PROBLEM DESCRIPTION: Leaving out all pictures, write out word for word the lines from the one containing "Certified Used 2024" to the end of the data below.
───── GIVEN DATA
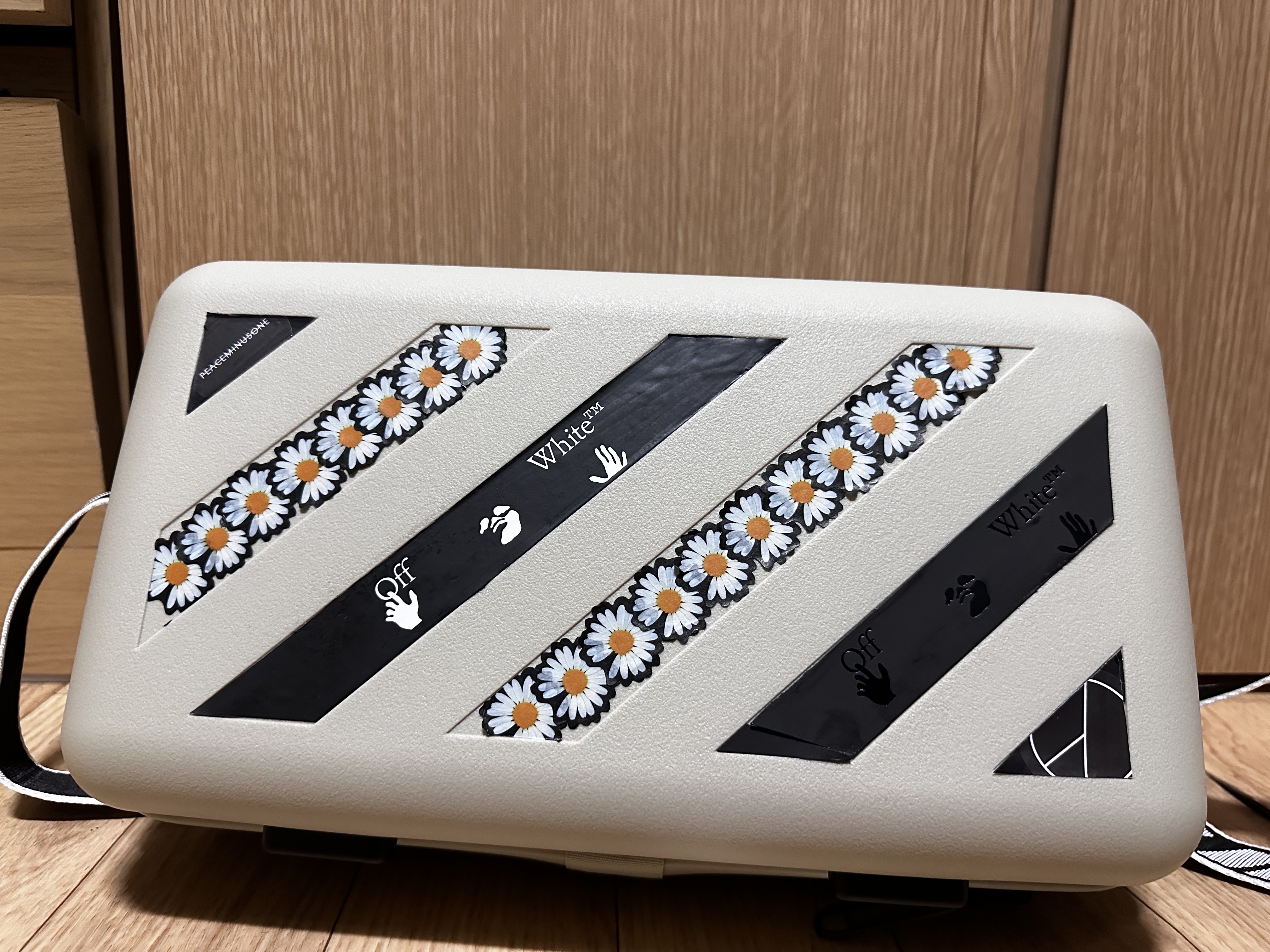 Off-White x Amore Pacific Protection Box (Without Cosmetics) 착용 스타일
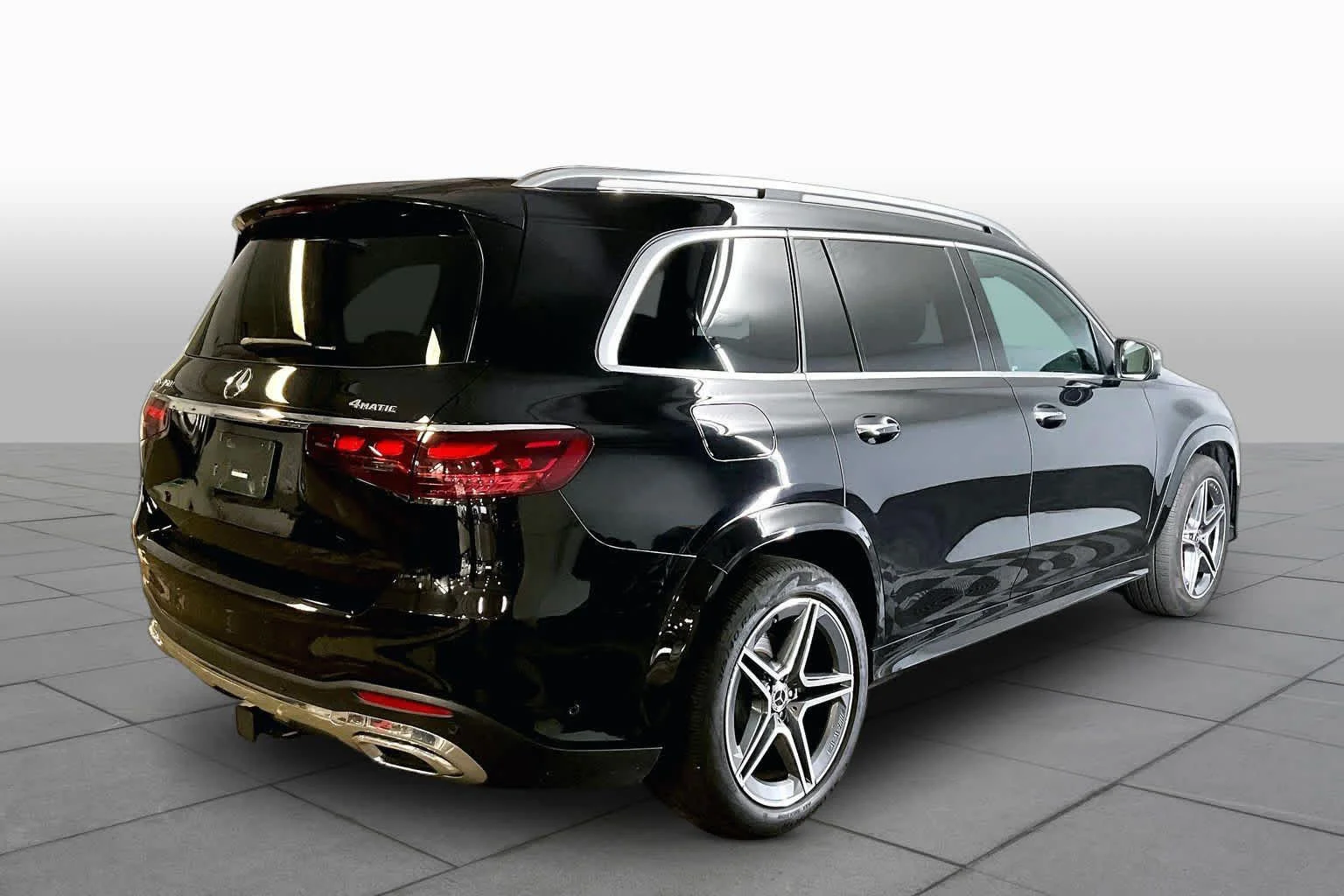 Certified Used 2024 Obsidian Black Metallic Mercedes-Benz GLS 450 image 13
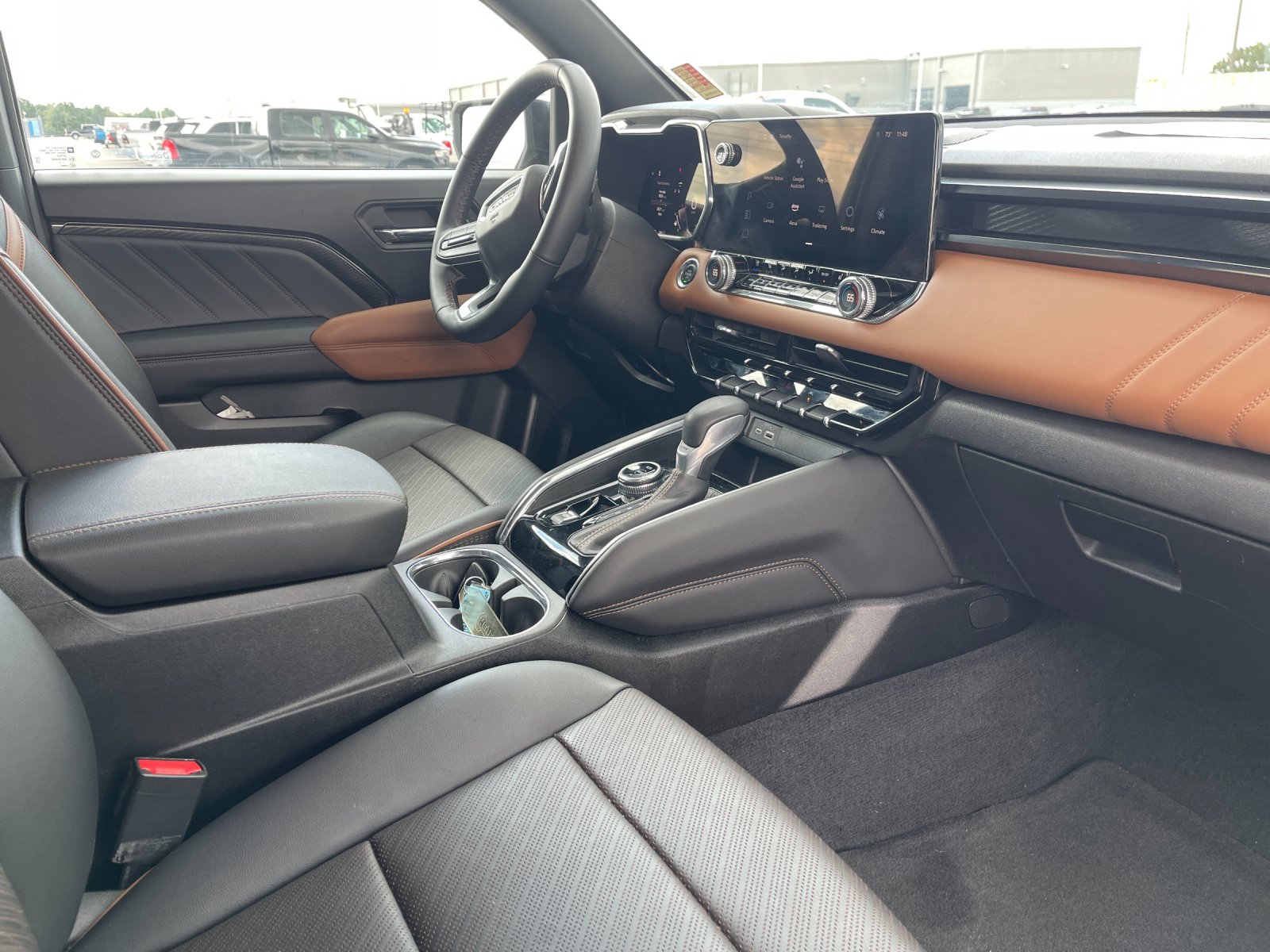 Used 2024 Black GMC AT4 image 17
──────────
WRITTEN ANSWER:
 Certified Used 2024 Obsidian Black Metallic Mercedes-Benz GLS 450 image 13
 Used 2024 Black GMC AT4 image 17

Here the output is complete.